Every year we go to Nit de Foc in the village - which creates great excitement, nerves and the allowance of almost-swearing. My youngest repeats the phrase as often as she can, delighting in the foc more than any other word.

For Nit de Foc literally means, night of fire in Mallorquin. A night when we dance with the devil and scream with fear and hysteria while the demons chase us, positively terrifying the kids to their core. There is zero regard for health and safety which is what I love, and upon only receiving a small burn this year, the temptation to get closer next year is great.

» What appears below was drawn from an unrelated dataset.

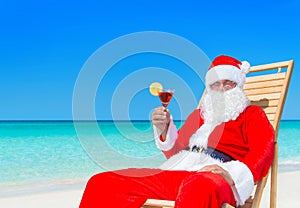Christmas Santa Claus with cocktail on sunlounger at tropical be
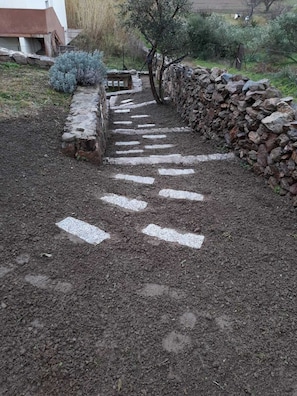 A stone pathway leading to a rustic building with a stone wall and a small wooden structure. - SA MARINA HOUSE #3. Cozy house for families with children, youth and animal (Sassari)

We have our own Nit de Foc tradition which entails eating a spicy chilli or curry with friends, as hot as it can be. Washed down with beers and anticipation as we head to the village and wait. Of course they never come on time. Walking past the car park we spot a few getting dressed, practising their inner devil, wearing grotesque masks and filthy clothes - they snarl as we walk by, us all giggling but the kids hanging on to my sleeves, just in case.

We are dressed in hoodies to protect ourselves from the sparks and the fire. We wear long trousers despite the heat of the day failing to disappear by night. And we wait.

We wait. They are late this year. The devils.

We laugh and socialise, the streets full of revellers, most knowing what to expect - a few with no idea what is about to happen.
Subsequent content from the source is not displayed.